We read the good, the bad, and the good-bad.
Anna Quindlen’s Still Life with Bread Crumbs is one of those good-bad novels that could have been brilliant with some tweaking. It was longlisted for the Bailey Women’s Prize last year.
Qundlen, a much-beloved former New York Times and Newsweek columnist, has written seven novels. I read Blessings, a sentimental novel about the finding of a foundling and the rejuvenation of a community, for a book group. I cannot recommend it.
With the Bailey Women’s Prize nomination, I decided it was time to reevaluate her fiction.
There is much to admire about this smart book. In Still Life with Bread Crumbs, Quindlen’s terse style reflects the heroine’s merciless honesty and minimalist style. Rebecca Winter, an award-winning sixty-year-old photographer, can no longer afford her New York apartment.
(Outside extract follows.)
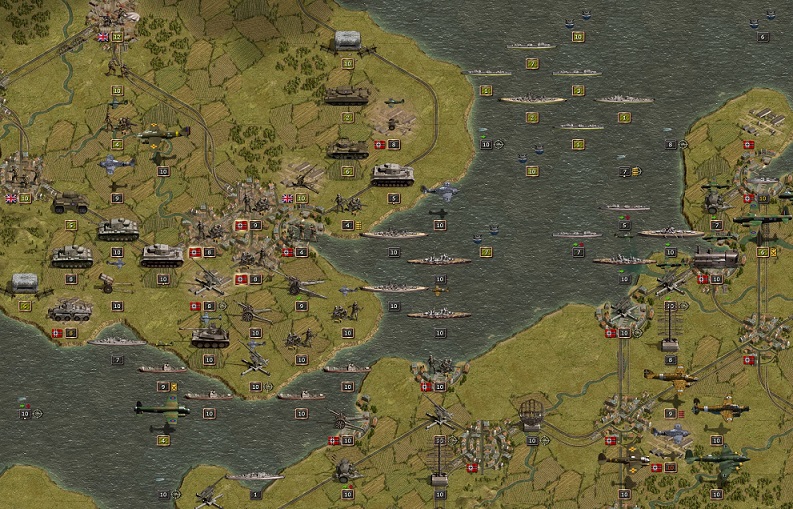 Seelöwe Aug 1: London is in German hands. The troops now prepare for the breakout to the west and to the north while in the Channel more German troops are embarked to invade Great Britain. The German submarines hold back the British Home fleet. The German bombers started successful bombing British naval units.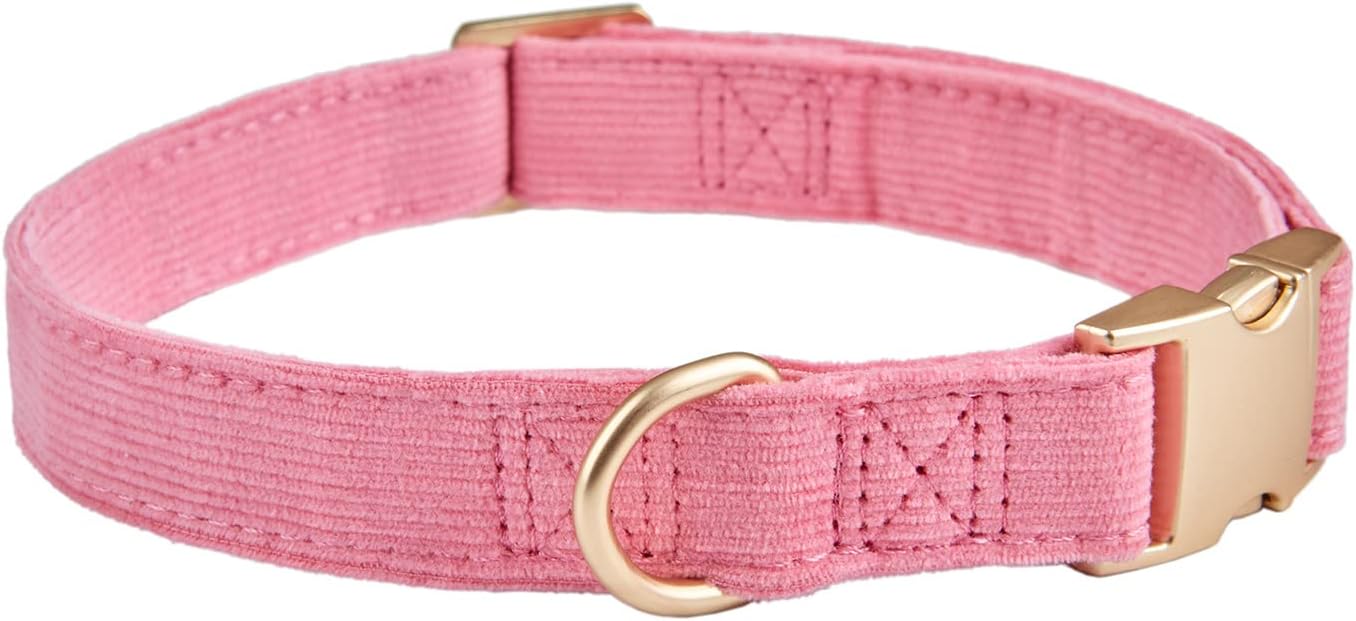 Detalle 2 de YUDOTE Ultra-soft Dog Collar: Natural Cotton Corduroy for Small Dogs (Rosy Pink)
She has moved into a dark, uncomfortable cottage in the country and is unhappy. There is a raccoon in her attic. She doesn’t know how to spend her time in the country.
How can she earn money? The well has run dry. Rebecca’s art has been accidental. She photographs what she sees and afterwards sees what she has photographed. Her famous “Kitchen Counter” series was unplanned: she photographed the remains of a dinner party. The most famous of this series, “Still Life with Bread Crumbs,” has been reproduced as a poster. But people are no longer interested in her work. And she has bills: her mother is in a nursing home, she can barely afford her rent, and her royalties are diminishing.
Gradually, life in the small town revitalizes her energy. When she discovers crosses in the woods decorated with old family photos, trophies, and yearbooks, she begins to photograph them. The “White Cross” series renews her career.
She meets wonderful people: almost too wonderful.. There is Jim Bates, the hunky fortysomething roofer who also works for the State Wildlife Service tracking birds. There is Sarah, the Anglophile owner the Tea for Two (And More). There is Tad, a clown. And Rebecca begins to work part-time with Jim photographing birds for the Stae Wildlife Service.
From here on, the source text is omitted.